Selection-free genome editing of the sickle mutation in human adult hematopoietic stem/progenitor cells

Abstract

Genetic diseases of blood cells are prime candidates for treatment through ex vivo gene editing of CD34⁺ hematopoietic stem/progenitor cells (HSPCs), and a variety of technologies have been proposed to treat these disorders. Sickle cell disease (SCD) is a recessive genetic disorder caused by a single-nucleotide polymorphism in the β-globin gene (HBB). Sickle hemoglobin damages erythrocytes, causing vasoocclusion, severe pain, progressive organ damage, and premature death. We optimize design and delivery parameters of a ribonucleoprotein (RNP) complex comprising Cas9 protein and unmodified single guide RNA, together with a single-stranded DNA oligonucleotide donor (ssODN), to enable efficient replacement of the SCD mutation in human HSPCs. Corrected HSPCs from SCD patients produced less sickle hemoglobin RNA and protein and correspondingly increased wild-type hemoglobin when differentiated into erythroblasts. When engrafted into immunocompromised mice, ex vivo treated human HSPCs maintain SCD gene edits throughout 16 weeks at a level likely to have clinical benefit. These results demonstrate that an accessible approach combining Cas9 RNP with an ssODN can mediate efficient HSPC genome editing, enables investigator-led exploration of gene editing reagents in primary hematopoietic stem cells, and suggests a path toward the development of new gene editing treatments for SCD and other hematopoietic diseases.

Figure 1. Editing the SCD SNP in K562 cells

A) Schematic depicting the experimental approach to editing in K562 cells. A panel of 10 sgRNAs that cut within 100 bp of the SCD SNP was selected. A WT-to-SCD edit was programmed by an ssDNA template (T1) bearing silent PAM mutations for the sgRNAs (except G7), which also introduces a SfcI restriction site. B) T7 endonuclease assay showing indel formation in pools of cells edited by candidate RNPs. C) HDR editing of candidate sgRNAs detected by SfcI digestion. G5, G10 and a truncated variant, trG10, efficiently yield HDR products in K562 cells. D) Gene modification of select sgRNAs and templates at the SCD SNP, assessed by NGS. See Fig. S1 for definitions of donors T1 and T2. (average of 3 biological replicates, error bars indicate standard deviation). E) Analysis of off-target cutting by the G10 RNP at sites predicted by the online CRISPR-Design tool (reference), in K562 cells, determined by NGS.

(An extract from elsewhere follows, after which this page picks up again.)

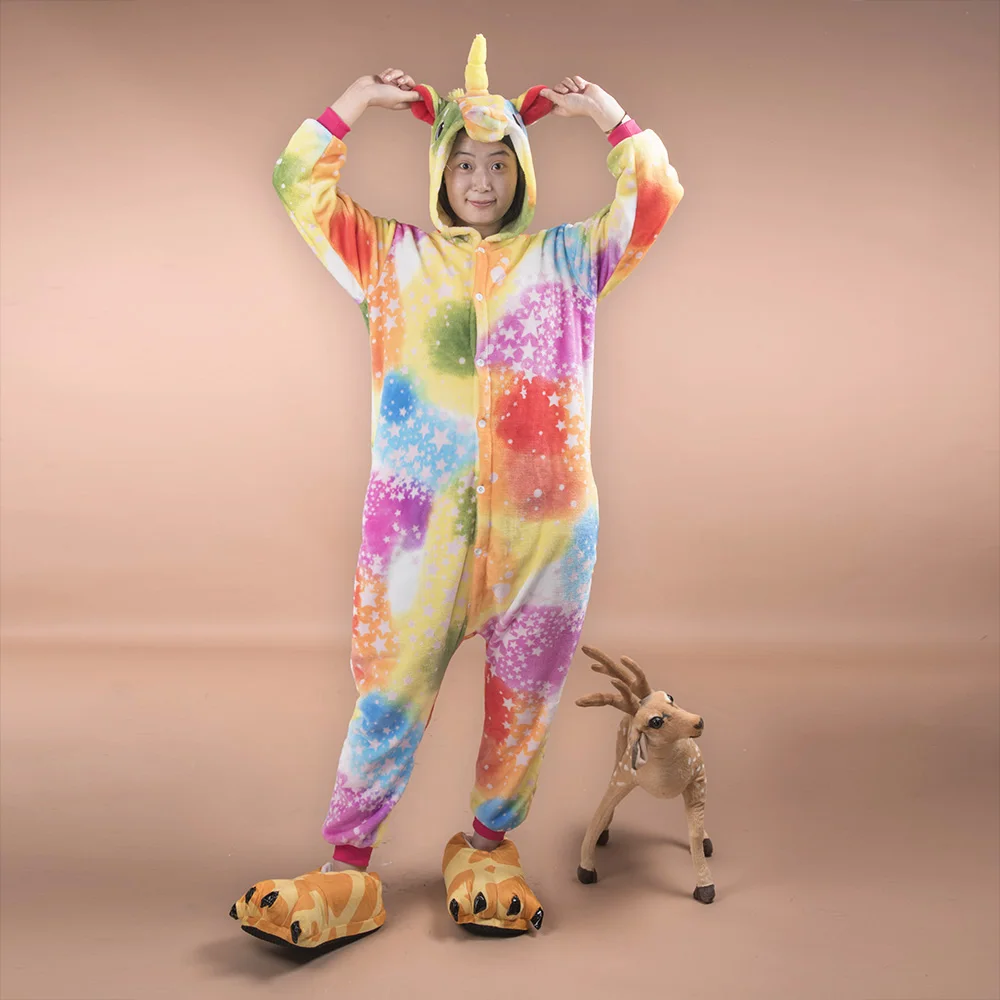 Пижама с единорогом комбинезон для взрослых женская одежда сна цельный зимняя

Figure 2. Editing of wild-type human CD34+ HSPCs by the Cas9 RNP

A) Analysis of editing in un-expanded HSPCs (left) and erythroid-expanded HSPCs (right), using trG10 RNP and conditions as indicated. Templates, which are asymmetric about the G10 cut site, were designed as described in the text. All samples are 3 biological replicates, error bars are ± standard deviation. B) Modification (HDR+Indel) at off-target sites in HSPCs edited with the trG10 RNP and template T88-107, compared to untreated cells. Samples for HBB, OT1, FSCN3, and MNT are from 3 biological replicates, with error bars ± standard deviation. Targets were selected using the online CRISPR-design tool (reference). C) Indel formation at on-and off-target sites by Cas9 mutants with increased specificity (HF1 and espCas9 1.1), compared to WT Cas9, all complexed to the G10 sgRNA and no ssODN. All samples are n=3 biological replicates, with error bars ± standard deviation.

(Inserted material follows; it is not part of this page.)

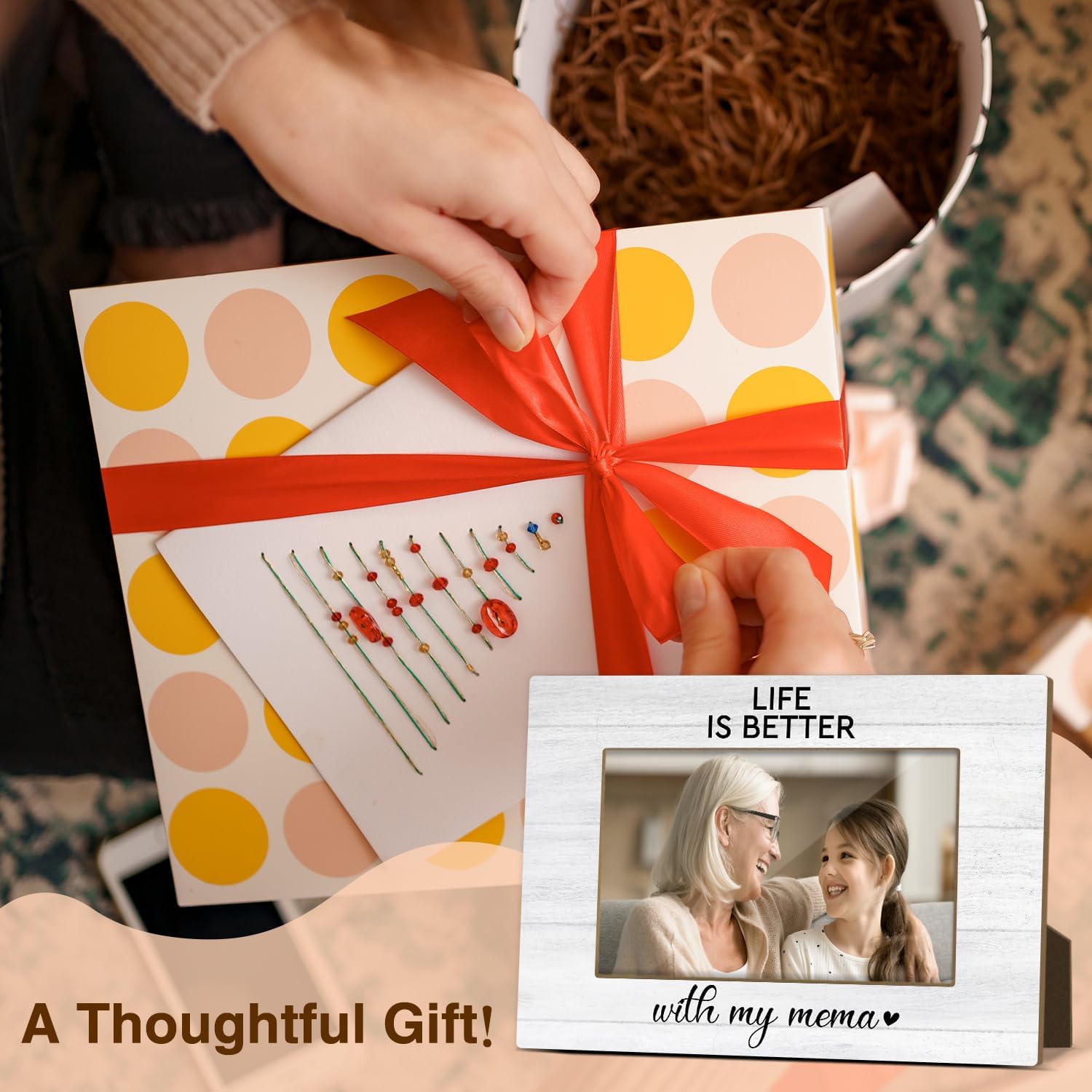 Life is Better with My Mema Wooden Picture frame, Photo Frame Gifts for Mema Grandma, Birthday Grandparents Day Gifts, Picture Frame Fit 4x6 Inch Photo, Home Office Desktop Nightstand Decor -046 - Image 5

Figure 3. Correction of the SCD mutation in SCD HSPCs

A) Editing the SCD mutation in un-expanded CD34+ HSPCs from the whole blood of SCD patients, assessed by NGS. B) HPLC trace depicting hemoglobin production in SCD HSPCs edited with 200 pmol of the trG10 RNP and the T111-27S donor, compared to untreated HSPCs, after differentiation into erythroblasts. Significant increases in HbA, HbF, and HbA2 are apparent. C) Stacked bars showing HPLC results, with HSPCs edited as indicated after differentiation into erythroblasts. D) Globin gene levels in SCD HSPCs edited as in Fig. 3C, determined by RNA-seq.

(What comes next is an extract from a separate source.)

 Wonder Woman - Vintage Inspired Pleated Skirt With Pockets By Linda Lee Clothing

Figure 4. Engraftment of edited HSPCs into NSG mice

A) Engraftment of human CD45+ cells in NSG mice injected with edited HSPCs, compared to 2 un-injected mice. B) Analysis by NGS of editing at the SCD SNP in cells prior to engraftment. Error bars indicate mean ± standard deviation of three separate experiments with cells from two healthy donors. C) HDR-mediated editing (left) and indel formation (right) at the SCD SNP in human cells engrafted in mouse blood, spleen, and bone marrow (BM), at 5 and 16 weeks post-injection. Error bars indicate mean ± standard deviation over either 6 mice (spleen) or 7 mice (BM and blood).